Sunday, October 29, 2006
Life Drawing Sunday XIII: Boo!
I found only one drawing that was even remotely related to the subject of Halloween, an editorial cartoon by Charles Sykes. Eighty-four years later it couldn't be more timely, though a looming punkin'-head doesn't even begin to capture the monstrosity that is the 109th Congress.
Charles Sykes, November 9, 1922
Sunday, October 15, 2006
Life Drawing Sunday XII: J.M. Flagg's "Why They Married"
These drawings are all from 1906. I'm assuming that Flagg wrote the verse also. I don't know how many issues this series ran in. I wish I had more of them.
UPDATE, 8/30/08: Google Books has a copy of Flagg's "Why They Married" available for download in PDF. Unfortunately, they did an inexcusably crappy job with some of the scanning.
Further UPDATE: Project Guttenberg has a better version here.
Yet more UPDATE, 10/3/11: Another drawing in this series uploaded.
Sunday, October 08, 2006
Life Drawing Sunday XI: E.W. Kemble
Edward Winsor Kemble's drawings began appearing in Life almost from its inception in 1883 and his association with the magazine continued into the 1920s. His drawings caught the attention of Mark Twain and brought him the work for which he is probably best known today, illustrating The Adventures of Huckleberry Finn, the first of several collaborations between the two.

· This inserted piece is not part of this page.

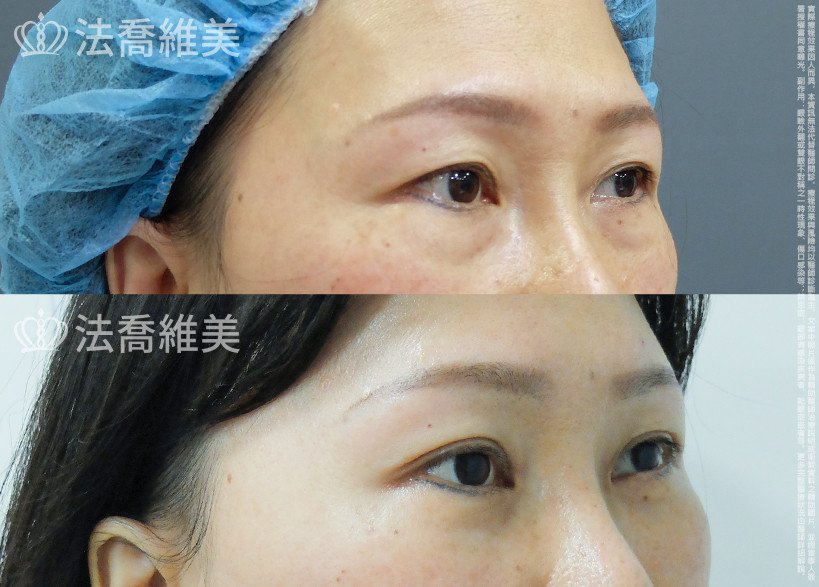 法喬醫美診所 邱浚彥醫師,縫雙眼皮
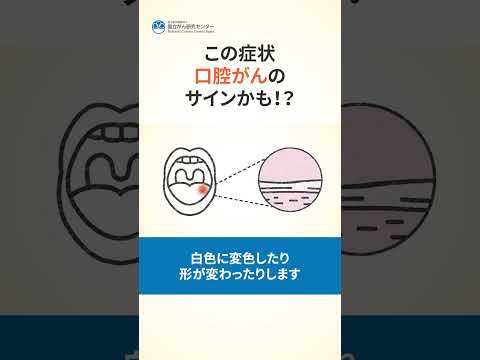 ショー優勝者、稀な腫瘍の診断を説明「口内炎だと思った」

It's easy to guess at what Twain might have found so appealing in Kemble's drawings. His characters were alive, animated and full of expression. He made funny drawings, which was not often the case in Life's cartoons or 19th century cartoons generally. He was one of a very few of Life's contributors (F.P.W. "Chip" Bellew was another) to use sequential panels, often laid out across a couple of pages. (The examples here have been re-arranged in a more conventional comic strip format for easier readability. You're welcome.)
Kemble used a variety of ethnic types in his cartoons, which was not uncommon in the WASPy pages of Life or in other forms of 19th and early 20th century entertainment. His most popular work in his time, for Life and other magazines such as Century and Colliers, were his cartoons of contemporary Negro life.The World Encyclopedia of Cartoons described these drawings as "often sympathetic" which may seem, looking at some of the few examples here, an elastic use of the word. It goes on to say that "[w]hile his treatments were usually comic, Kemble took care to study the real urban and rural environments and living conditions of blacks. His caricatures were never absurdly exaggerated, although every convention - wild dress, chicken stealing, etc. - was thematically exploited to the fullest."
Possibly because these drawings were so popular, Kemble may have felt a commercial need to use black characters in situations that make the choice seem arbitrary (.pdf file). In these drawings - and I haven't found a lot of them - he seems to have stumbled into some kind of cartooning ideal where ethnicity doesn't imply or symbolize anything except humanity. If Kemble did this consciously, which doesn't seem all that likely, he would have been way ahead of his time, and ours.
UPDATE (10/15/06): All of Kemble's Huck Finn illustrations can be viewed here. Don't miss the obscenely defaced sales prospectus illustration and the revelation of its existence by The New York World. Thanks to Tom Mazzocco for the links.